In conclusion, mastering the art of cooking roast meats on a charcoal hooded BBQ requires careful preparation, attention to detail, and adherence to Australian food safety standards. From selecting the right cuts of meat to monitoring temperatures and ensuring proper hygiene, this guide has provided essential insights for creating a memorable and safe culinary experience. Whether you're catering for a large gathering or hosting a small personal function, the principles outlined here will guide you through the process, resulting in perfectly cooked meats that delight your guests.
If you are interested in other uses and the history of cooking on Hooded spits, including an indepth guide to cooking a whole pig on a spit, check out our ultimate guide to rotisseries!
FAQ (Frequently Asked Questions)
Q1: What meats are best for slow cooking in a charcoal oven?
A1: Opt for cuts with more connective tissue and fat, such as Pork Shoulder or Boston Butt, Beef Chuck or Brisket, Chicken Thighs or Drumsticks, and Lamb Shoulder or Shanks.
Q2: Which meats should be avoided for slow cooking in a charcoal oven?
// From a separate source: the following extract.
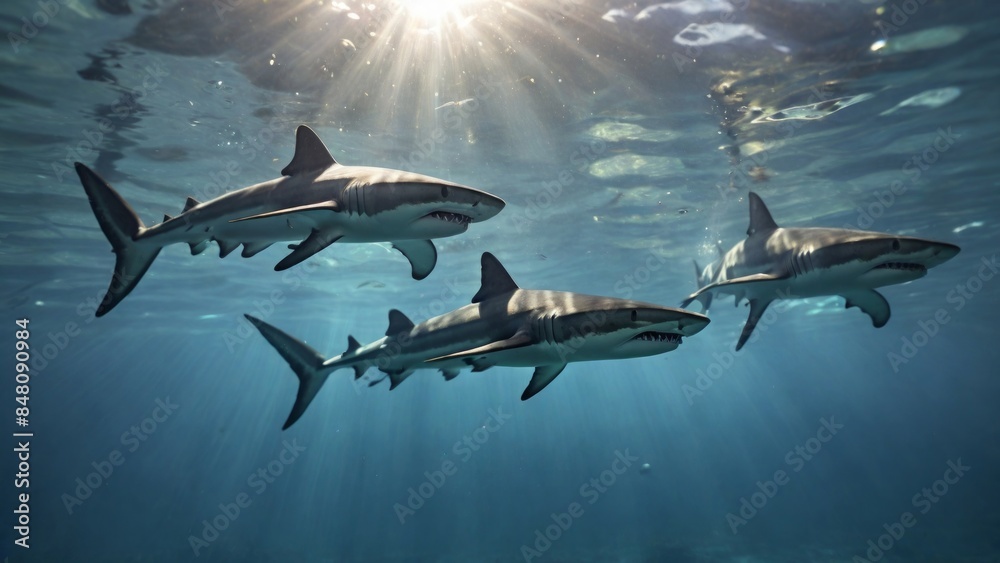 Sharks swimming underwater Sharks swimming underwater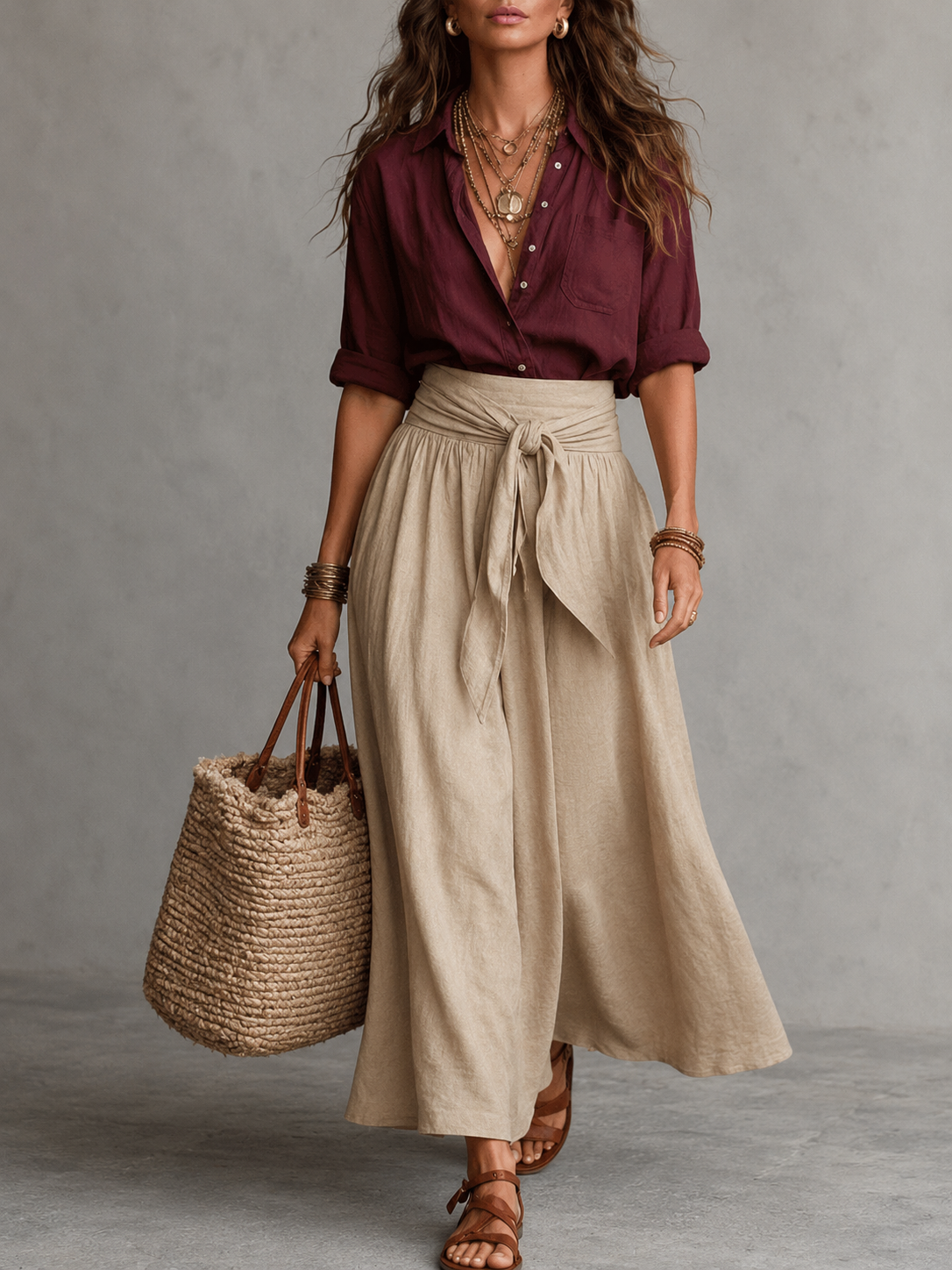 Vera™ | Conjunto de Dos Piezas: Top Negro y Falda Midi Verde Oliva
A2: Lean cuts like pork loin or tenderloin, boneless, skinless poultry breasts, delicate fish varieties, ground meat patties, tender cuts of lamb, veal scallopini, and pre-cooked or smoked meats are best avoided for extended oven cooking.
Q3: How should meats be prepared before slow cooking?
A3: Dry the meat, season or marinate it the night before if possible, and ensure it is at the right temperature before placing it into the oven.
Q4: What is the ideal temperature for the charcoal BBQ during the cook?
A4: Initially, reach 200 ºC for the first 30-50 minutes (especially for pork) and then maintain the temperature at 160 ºC to 180 ºC, adjusting the hood as needed. Check the internal temperatures for different meats regularly.
Q5: How long should the meats rest after cooking?
A5: Let the meats rest for 20 minutes, covering them with foil. Ensure the internal temperature remains above 60 ºC, especially when catering.
Q6: Any tips for enhancing flavor during the cook?
A6: Consider placing smoking wood chips directly on the charcoal for additional flavor. Soak wood chips in water for 30 minutes before use. Popular choices include Hickory, Apple, and Maple wood for pork.
Q7: What food safety measures should be followed?
A7: Practice good hand hygiene, use separate cutting boards for raw and cooked meats, keep perishable foods refrigerated until cooking, and avoid cross-contamination. Regularly check temperatures, keep utensils sanitized, and maintain a log when catering.
Always prioritize food safety, and enjoy the delightful results of your charcoal hooded BBQ cooking adventure!